Parallel programming without spinlocks

How to avoid deadlocks

Authors: Jens Harnisch, Li Lin, Albrecht Mayer, Gerhard Wirrer, Infineon Technologies AG

Contribution – Embedded Software Engineering Congress 2017

To fully utilize the performance of modern multi-core processors, a certain degree of synchronization, for example through barriers, and resource protection, for example through spinlocks, are necessary depending on the application. This can lead to deadlocks, which are naturally undesirable, especially for safety-critical systems. An alternative programming pattern is lock-free algorithms. These must be specifically adapted for the data structures shared by multiple cores. An unbounded queue is presented, evaluated, and compared to other approaches.

Motivation: Spinlocks and their problems

Mutexes, semaphores, and events are provided by operating systems for the synchronization of parallel processes and the protection of shared resources, such as data structures.

The implementation uses atomic instructions of the respective computer architecture. A pseudo-notation for a spinlock is given below:

inline void get_spinlock(volatile unsigned long* spinlock_ptr)

{

while (swap(spinlock_ptr, BUSY) == BUSY)

;

}

The `swap` function, within which the atomic `swap` machine instruction is used, reads the current value from the address `spinlock_ptr` and writes the value `BUSY` to the address of `spinlock_ptr`. The execution of the machine instruction itself will proceed without blocking. However, if the spinlock becomes unavailable, the `while` loop will not exit, resulting in a deadlock. For example, the software might have crashed on another core, preventing the spinlock from being released. Spinlocks can also be involved in priority inversion. The complexity increases with multiple spinlocks in the design. Therefore, the first version of Linux for multi-core systems only used the single Big Kernel Lock. However, this partially reduces the performance of a multi-core system to that of a single core.

Block-free programming: principles, advantages and disadvantages

Lock-free programming has been a well-known alternative to working with mutexes and spinlocks for many years [1]. Deadlocks can no longer occur with this approach. Lock-free algorithms must be adapted to the data structure to be protected, for example, a queue. Often, this only involves a few lines of source code, but the design is complex. Furthermore, these algorithms potentially waste computing power due to speculative execution. At least this problem is mitigated when many cores are available. The principle of lock-free programming is usually as follows:

Creating a copy of the sensitive data structure
Execution of the operation on the copy of the data structure
Before writing back the result, check whether another process has modified the structure in the meantime. If so, the operation must be repeated on a new copy of the structure (back to step 1). If the data structure has not been modified in the meantime, the calculated data structure can be written back.

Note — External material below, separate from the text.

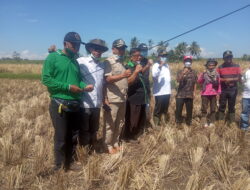 Panen Perdana Pemakaian Eco Farming Dihadiri Kadis Pertanian Sumbar dan Anggota DPRD Sumbar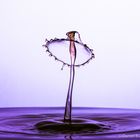 Drop Art IMG_2598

To check whether the data structure has been modified in the meantime, a pointer can be used, for example. If the pointer still points to the same address as when the copy was created, then apparently no other process has worked on the structure in the interim. However, the "ABA problem" is well known. In this case, the pointer points to address A when the copy is created, as well as when checking after the calculation is executed. This could be coincidental. In reality, the pointer pointed to address B in the meantime; another process has manipulated the structure and written its result back. If we ignore this problem, we overwrite the result of the other process on the sensitive data structure. To solve this problem, a counter can be introduced, for example, which is incremented each time the structure is written back.

Example: An unlimited queue

Unlike working with mutexes or spinlocks, which can be used quite generically, lock-free programming must be adapted to the specific data structure, such as linked lists, stacks, or queues. A lock-free unlimited queue, implemented in C, is presented below. The software was run on a 6-core AURIX 2nd Generation microcontroller.

The core element of the queue is a node, containing the current value and a reference to the next node:

struct Node

{

int value;

struct Node* next;

};

The queue design supports an unlimited number of elements. While an unlimited number of elements is unrealistic for an embedded system, supporting a variable number of elements, such as detected objects in an autonomous driving scene, is a realistic scenario. Inserting and deleting elements is explained below.

Inserting an element into the queue (enqueue)
Using the knot with the pointer at the end (see Figure 1, PDFThe last actual node is determined. In enqueue step 1, the current end of the queue (node B) is determined, and the pointer `next` of node B is set to the address of node A. Node A will become a new node in the queue. The queue is now internally consistent, so the pointer `next` of node `tail` can also be set to the address of node A.

Deleting an element from the queue (dequeue)
The current first node is determined using the Head node; initially, this is the sentinel node. The Sentinel node points to node D, the actual last node. In Dequeue step 1, the actual value of the node is read. In step 2, the next pointer of the Head node is set to node D.

Three of the steps must be executed using an atomic compare-and-swap instruction, labeled CAS in the diagram. The execution of the atomic instruction cannot be blocked. The above queue implementation can be compared to conventional queue implementations. These either use a single spinlock for the entire queue, regardless of whether an element is being deleted or added, or they use two spinlocks, one for inserting and one for deleting an element. However, all of these conventional implementations are potentially prone to blocking.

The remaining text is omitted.